▶ **EXCERPTED DATA**
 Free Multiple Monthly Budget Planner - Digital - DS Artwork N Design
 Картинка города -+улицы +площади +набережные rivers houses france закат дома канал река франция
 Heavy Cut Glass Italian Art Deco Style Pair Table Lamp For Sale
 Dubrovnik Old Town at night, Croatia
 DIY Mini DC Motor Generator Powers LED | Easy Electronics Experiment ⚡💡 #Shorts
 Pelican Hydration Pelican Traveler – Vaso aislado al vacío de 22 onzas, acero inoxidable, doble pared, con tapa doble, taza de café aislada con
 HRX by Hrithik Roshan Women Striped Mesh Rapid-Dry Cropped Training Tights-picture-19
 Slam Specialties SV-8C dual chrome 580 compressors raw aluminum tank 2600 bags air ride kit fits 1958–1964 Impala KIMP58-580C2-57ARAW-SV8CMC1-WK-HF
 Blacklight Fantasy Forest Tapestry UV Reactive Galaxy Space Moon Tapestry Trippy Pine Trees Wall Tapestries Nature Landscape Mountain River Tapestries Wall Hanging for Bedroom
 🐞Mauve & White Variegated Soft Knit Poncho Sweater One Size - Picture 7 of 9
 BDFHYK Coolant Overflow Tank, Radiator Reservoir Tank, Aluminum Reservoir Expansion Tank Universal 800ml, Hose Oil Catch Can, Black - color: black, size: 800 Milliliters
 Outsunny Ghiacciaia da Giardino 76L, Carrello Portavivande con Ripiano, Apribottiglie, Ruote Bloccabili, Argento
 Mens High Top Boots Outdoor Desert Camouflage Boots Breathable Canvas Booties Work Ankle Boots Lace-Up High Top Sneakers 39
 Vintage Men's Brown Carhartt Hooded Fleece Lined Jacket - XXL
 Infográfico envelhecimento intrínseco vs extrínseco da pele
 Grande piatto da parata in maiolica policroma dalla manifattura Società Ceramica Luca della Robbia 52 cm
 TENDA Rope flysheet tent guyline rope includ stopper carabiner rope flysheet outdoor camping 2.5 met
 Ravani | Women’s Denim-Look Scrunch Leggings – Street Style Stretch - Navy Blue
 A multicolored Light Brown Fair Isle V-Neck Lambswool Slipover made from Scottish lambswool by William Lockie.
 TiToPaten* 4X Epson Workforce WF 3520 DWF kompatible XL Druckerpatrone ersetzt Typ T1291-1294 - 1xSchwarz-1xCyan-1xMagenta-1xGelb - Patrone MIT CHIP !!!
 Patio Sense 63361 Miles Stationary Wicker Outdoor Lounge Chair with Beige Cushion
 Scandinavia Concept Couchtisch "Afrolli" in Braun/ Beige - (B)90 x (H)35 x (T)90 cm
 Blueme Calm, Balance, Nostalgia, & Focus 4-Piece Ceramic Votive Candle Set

▶ **TO DO**
Write out every entry again exactly, please, with nothing missing.

▶ **WRITTEN REPLY**
 Free Multiple Monthly Budget Planner - Digital - DS Artwork N Design
 Картинка города -+улицы +площади +набережные rivers houses france закат дома канал река франция
 Heavy Cut Glass Italian Art Deco Style Pair Table Lamp For Sale
 Dubrovnik Old Town at night, Croatia
 DIY Mini DC Motor Generator Powers LED | Easy Electronics Experiment ⚡💡 #Shorts
 Pelican Hydration Pelican Traveler – Vaso aislado al vacío de 22 onzas, acero inoxidable, doble pared, con tapa doble, taza de café aislada con
 HRX by Hrithik Roshan Women Striped Mesh Rapid-Dry Cropped Training Tights-picture-19
 Slam Specialties SV-8C dual chrome 580 compressors raw aluminum tank 2600 bags air ride kit fits 1958–1964 Impala KIMP58-580C2-57ARAW-SV8CMC1-WK-HF
 Blacklight Fantasy Forest Tapestry UV Reactive Galaxy Space Moon Tapestry Trippy Pine Trees Wall Tapestries Nature Landscape Mountain River Tapestries Wall Hanging for Bedroom
 🐞Mauve & White Variegated Soft Knit Poncho Sweater One Size - Picture 7 of 9
 BDFHYK Coolant Overflow Tank, Radiator Reservoir Tank, Aluminum Reservoir Expansion Tank Universal 800ml, Hose Oil Catch Can, Black - color: black, size: 800 Milliliters
 Outsunny Ghiacciaia da Giardino 76L, Carrello Portavivande con Ripiano, Apribottiglie, Ruote Bloccabili, Argento
 Mens High Top Boots Outdoor Desert Camouflage Boots Breathable Canvas Booties Work Ankle Boots Lace-Up High Top Sneakers 39
 Vintage Men's Brown Carhartt Hooded Fleece Lined Jacket - XXL
 Infográfico envelhecimento intrínseco vs extrínseco da pele
 Grande piatto da parata in maiolica policroma dalla manifattura Società Ceramica Luca della Robbia 52 cm
 TENDA Rope flysheet tent guyline rope includ stopper carabiner rope flysheet outdoor camping 2.5 met
 Ravani | Women’s Denim-Look Scrunch Leggings – Street Style Stretch - Navy Blue
 A multicolored Light Brown Fair Isle V-Neck Lambswool Slipover made from Scottish lambswool by William Lockie.
 TiToPaten* 4X Epson Workforce WF 3520 DWF kompatible XL Druckerpatrone ersetzt Typ T1291-1294 - 1xSchwarz-1xCyan-1xMagenta-1xGelb - Patrone MIT CHIP !!!
 Patio Sense 63361 Miles Stationary Wicker Outdoor Lounge Chair with Beige Cushion
 Scandinavia Concept Couchtisch "Afrolli" in Braun/ Beige - (B)90 x (H)35 x (T)90 cm
 Blueme Calm, Balance, Nostalgia, & Focus 4-Piece Ceramic Votive Candle Set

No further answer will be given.